THE TASK: Restate word for word the lines below that run from the one holding "Rabona nasıl vurulur" through the one holding "Le D'Tour Gourmand", inclusive. Pictures don't belong in the copy.

LISTED ENTRIES:
__________
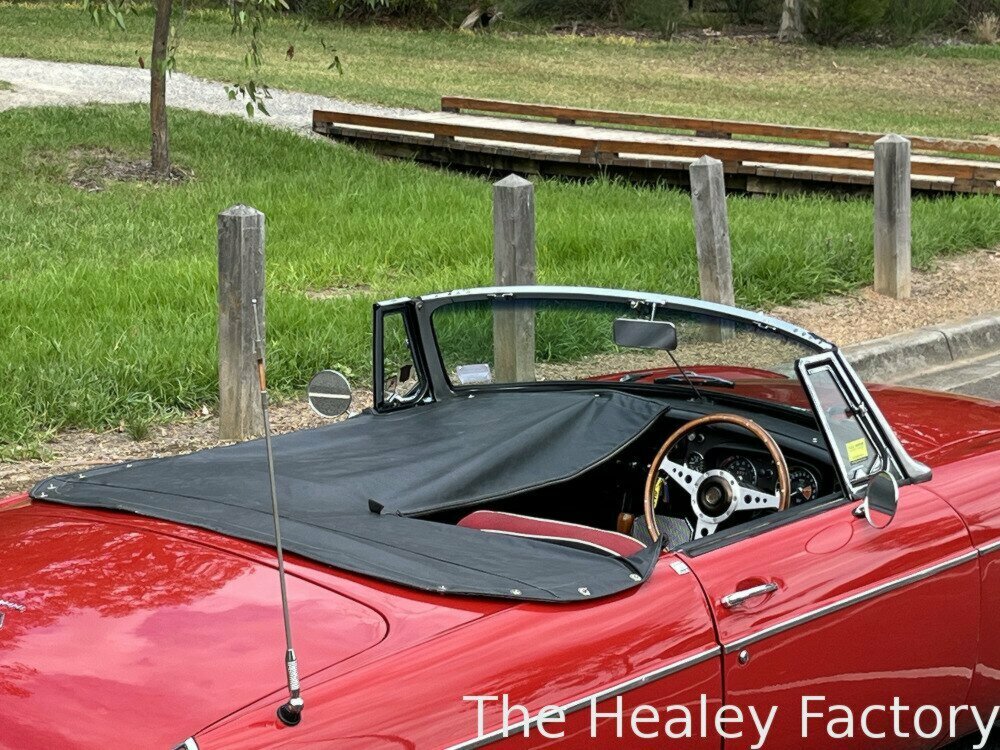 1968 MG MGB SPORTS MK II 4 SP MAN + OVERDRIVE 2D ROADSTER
__________
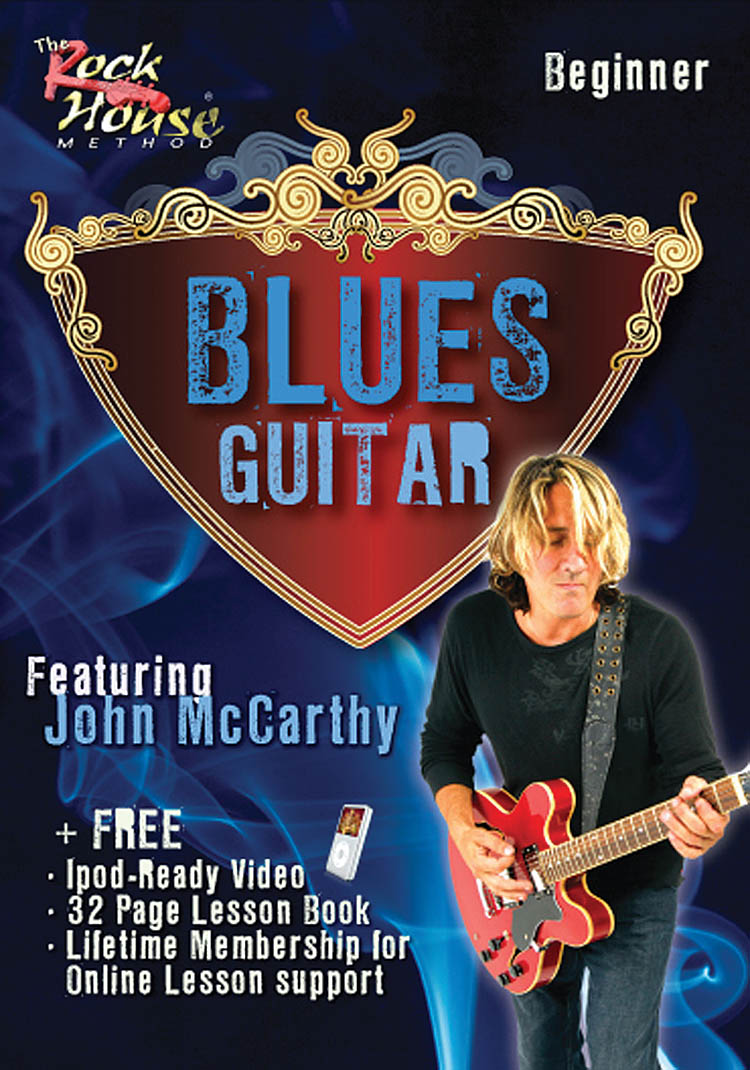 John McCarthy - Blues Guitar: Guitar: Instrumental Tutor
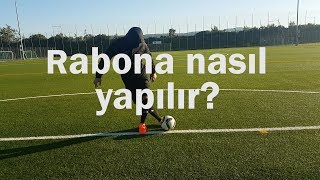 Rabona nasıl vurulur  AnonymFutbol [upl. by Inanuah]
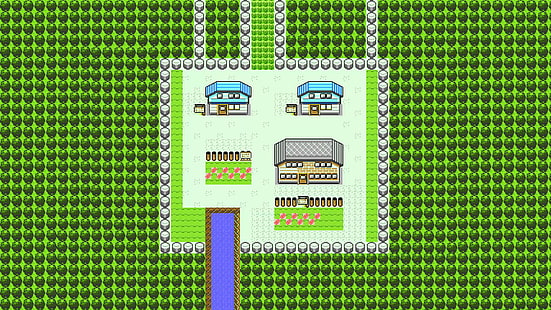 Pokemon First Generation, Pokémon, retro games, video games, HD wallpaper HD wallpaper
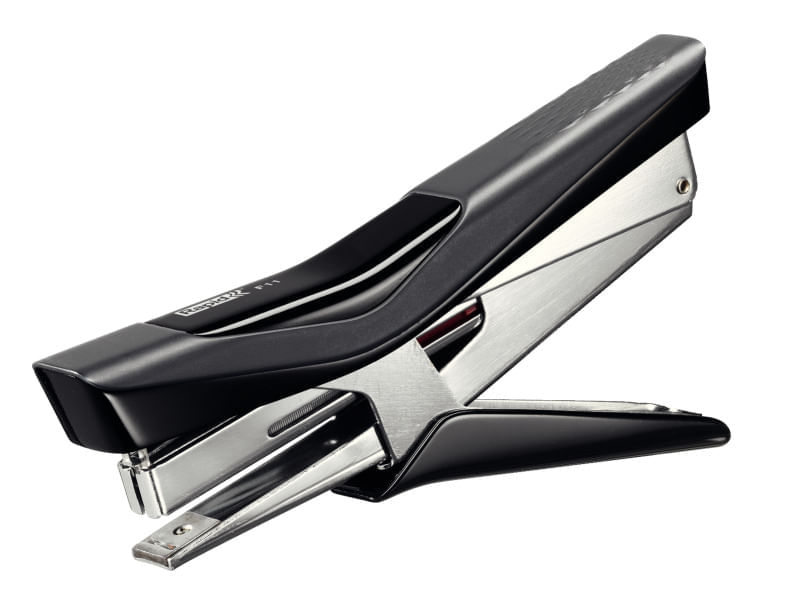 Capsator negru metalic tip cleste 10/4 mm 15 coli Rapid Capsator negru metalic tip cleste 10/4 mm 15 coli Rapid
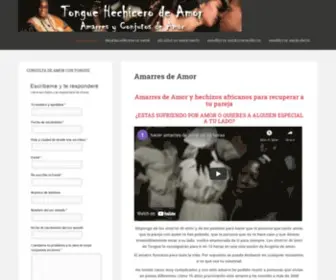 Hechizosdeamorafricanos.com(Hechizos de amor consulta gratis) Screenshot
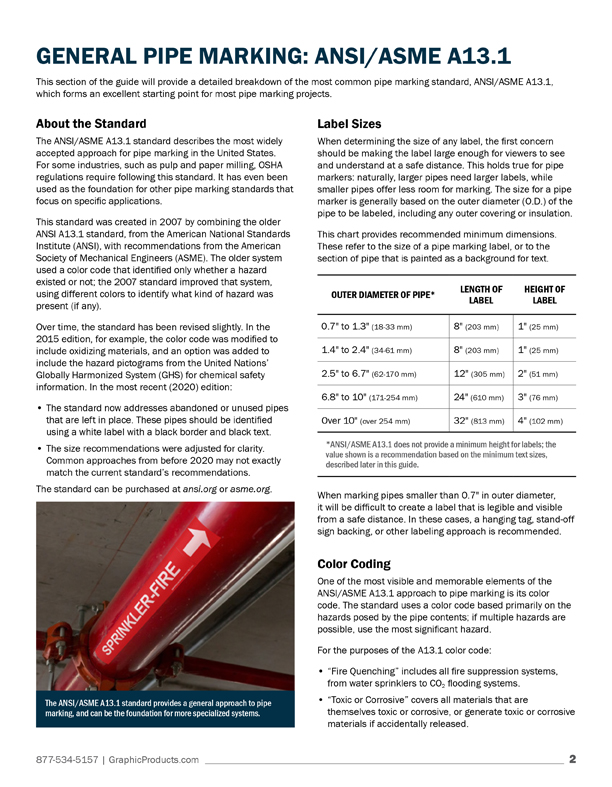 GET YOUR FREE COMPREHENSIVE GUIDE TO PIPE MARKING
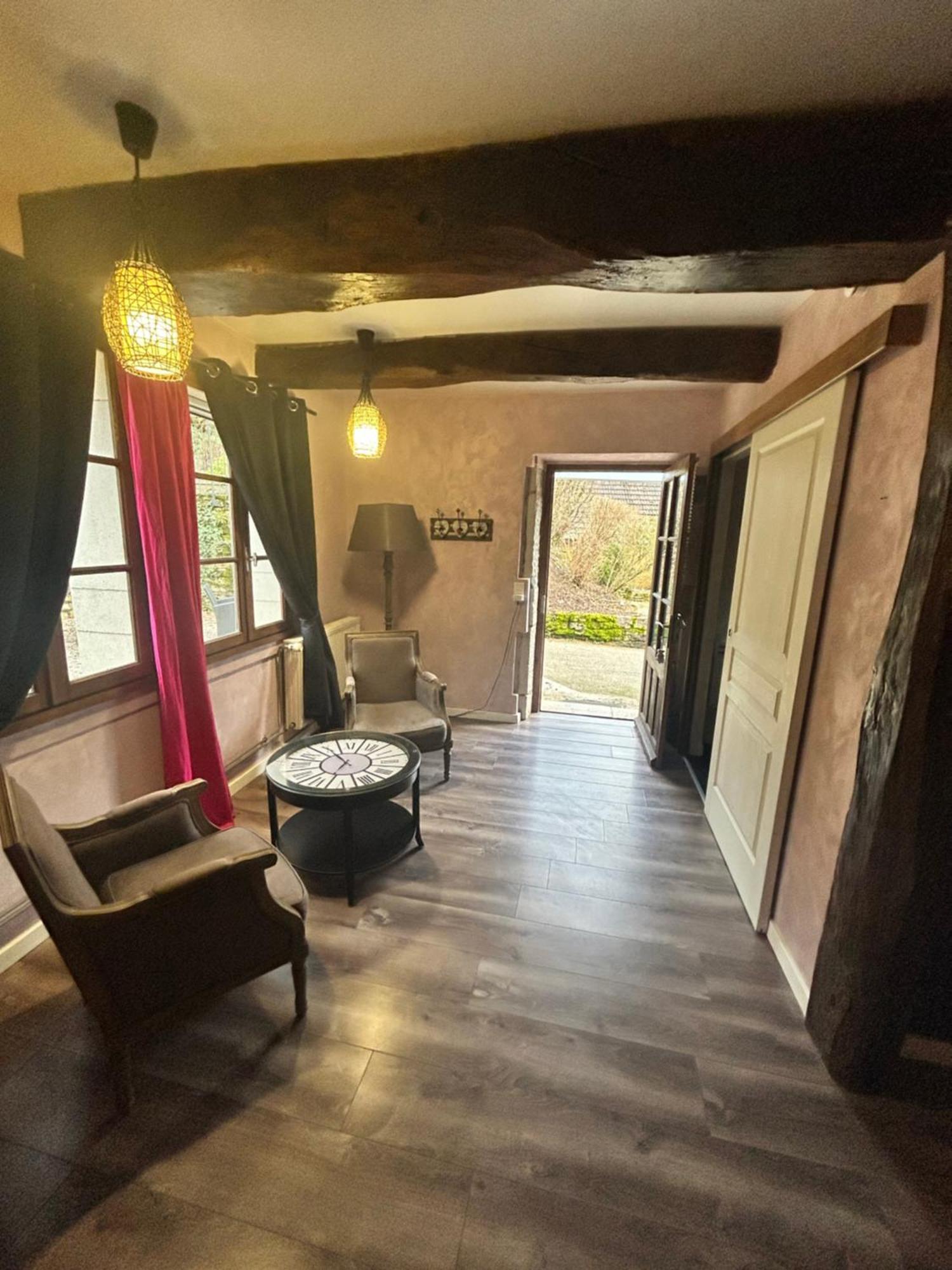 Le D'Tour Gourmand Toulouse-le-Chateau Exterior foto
__________
ANSWER SPACE:
 Rabona nasıl vurulur  AnonymFutbol [upl. by Inanuah]
 Pokemon First Generation, Pokémon, retro games, video games, HD wallpaper HD wallpaper
 Capsator negru metalic tip cleste 10/4 mm 15 coli Rapid Capsator negru metalic tip cleste 10/4 mm 15 coli Rapid
 Hechizosdeamorafricanos.com(Hechizos de amor consulta gratis) Screenshot
 GET YOUR FREE COMPREHENSIVE GUIDE TO PIPE MARKING
 Le D'Tour Gourmand Toulouse-le-Chateau Exterior foto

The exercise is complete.